Pool Operator FAQs
Last updated
Last updated
Burr Pools don't need to stay at the 50:50 ratio in order to offer market accurate rates. In practice, a Burr Pool facilitates market accurate trades anywhere between the 24:76 and 74:26 ratios. This conceptually is a different design compared to constant product or constant sum invariants where the market expects the "true price" to be at the 50:50 ratio or elsewhere, however Burr Pools operate in a range rather than a single point on the price curve.
Burr Pools are designed to amplify arbitrage incentives beyond the beta region (outside the blue region, segments I:H and J:K). This means that the further traders bring the LP ratio beyond the beta region (currently 24:76 or 76:24 at the time of writing), they will be charged a dynamically increasing fee (or "penalty"). However, if a trader brings the LP ratio back towards the beta region, they will be paid a subsidy for helping to rebalance the pool (taken from the pool liquidity). The penalty will always be higher than the subsidy paid, so the pool will always remain solvent while earning increased fees for LPs.

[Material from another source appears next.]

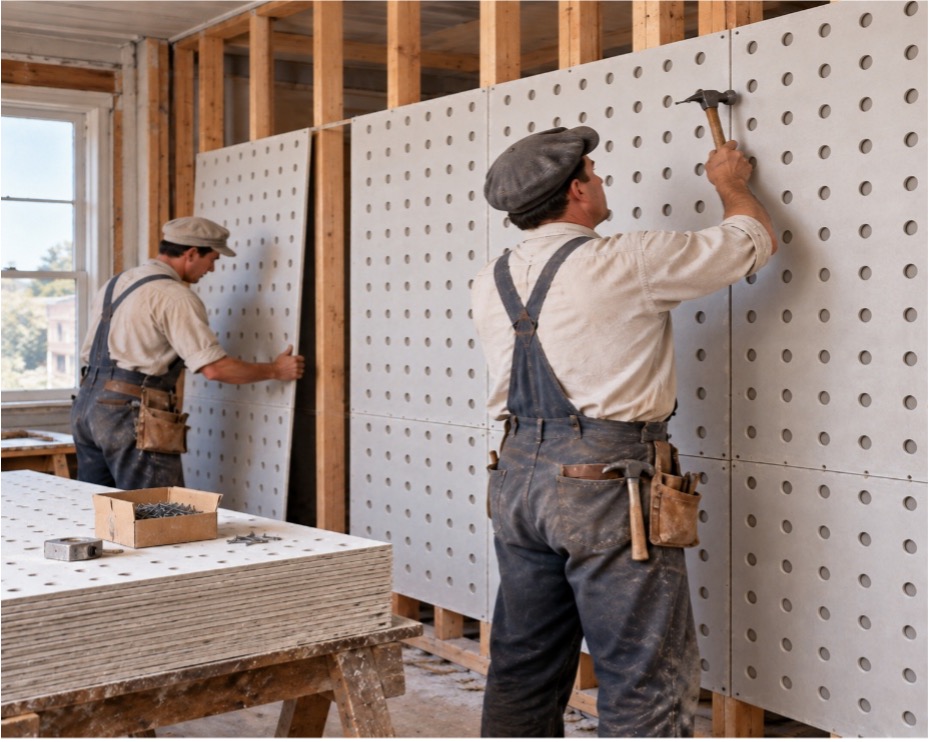 gypsum wallboard post-World War II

To see this "rebalancing" behavior in action, refer to some historical charts of other pools that have been live by Xave Finance on Ethereum mainnet and Avalanche.
This rebalancing mechanic is of course not "magic" nor "instantaneous". The idea is that arbitrageurs will eventually find a profitable opportunity to either buy a token from the Burr Pool low and sell high elsewhere or vice versa
We generally advise pool operators not to manually rebalance Burr Pools, unless absolutely required. Rather than manually rebalancing, we advise seeding liquidity between a Burr Pool and its' external pools to ensure that arbitrageurs are incentivized to carry out this "self rebalancing". As a pool operator, you may also consider running your own arbitrage bot to rebalance a Burr Pool, but make some money while doing it. This also helps to ensure that your Burr Pool remains attractive to traders.